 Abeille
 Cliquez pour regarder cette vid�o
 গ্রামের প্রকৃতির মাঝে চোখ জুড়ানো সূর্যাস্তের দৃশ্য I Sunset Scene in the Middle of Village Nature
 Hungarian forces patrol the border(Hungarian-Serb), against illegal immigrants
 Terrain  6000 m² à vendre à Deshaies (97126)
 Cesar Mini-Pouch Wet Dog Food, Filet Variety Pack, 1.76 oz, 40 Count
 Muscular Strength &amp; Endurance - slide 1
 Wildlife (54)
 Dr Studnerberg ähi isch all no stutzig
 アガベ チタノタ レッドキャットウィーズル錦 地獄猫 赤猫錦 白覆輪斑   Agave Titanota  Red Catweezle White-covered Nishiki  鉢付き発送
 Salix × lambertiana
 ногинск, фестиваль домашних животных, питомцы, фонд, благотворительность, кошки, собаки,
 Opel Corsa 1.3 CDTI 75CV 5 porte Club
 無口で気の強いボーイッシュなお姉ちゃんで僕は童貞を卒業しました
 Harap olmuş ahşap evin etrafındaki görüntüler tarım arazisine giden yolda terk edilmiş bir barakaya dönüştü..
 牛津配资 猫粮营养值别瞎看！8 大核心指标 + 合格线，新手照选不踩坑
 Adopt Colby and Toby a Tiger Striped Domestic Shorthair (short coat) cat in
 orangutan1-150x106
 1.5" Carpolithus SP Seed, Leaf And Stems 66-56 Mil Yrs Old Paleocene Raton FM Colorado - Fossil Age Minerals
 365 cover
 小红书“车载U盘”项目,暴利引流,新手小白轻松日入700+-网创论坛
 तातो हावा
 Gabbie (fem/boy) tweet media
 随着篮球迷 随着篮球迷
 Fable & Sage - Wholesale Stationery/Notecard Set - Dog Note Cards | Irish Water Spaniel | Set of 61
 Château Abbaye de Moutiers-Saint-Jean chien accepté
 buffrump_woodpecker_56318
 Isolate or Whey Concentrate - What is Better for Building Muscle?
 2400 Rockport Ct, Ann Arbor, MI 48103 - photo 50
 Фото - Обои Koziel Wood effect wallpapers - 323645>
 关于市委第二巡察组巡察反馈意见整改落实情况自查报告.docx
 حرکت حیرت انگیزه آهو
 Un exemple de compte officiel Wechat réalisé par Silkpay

^^^^

WORK INSTRUCTIONS: Give again, unchanged, the lines running from the top of the material above through the line that has "à Deshaies (97126)", and nothing more.

ANSWER TO THE PROBLEM:
 Abeille
 Cliquez pour regarder cette vid�o
 গ্রামের প্রকৃতির মাঝে চোখ জুড়ানো সূর্যাস্তের দৃশ্য I Sunset Scene in the Middle of Village Nature
 Hungarian forces patrol the border(Hungarian-Serb), against illegal immigrants
 Terrain  6000 m² à vendre à Deshaies (97126)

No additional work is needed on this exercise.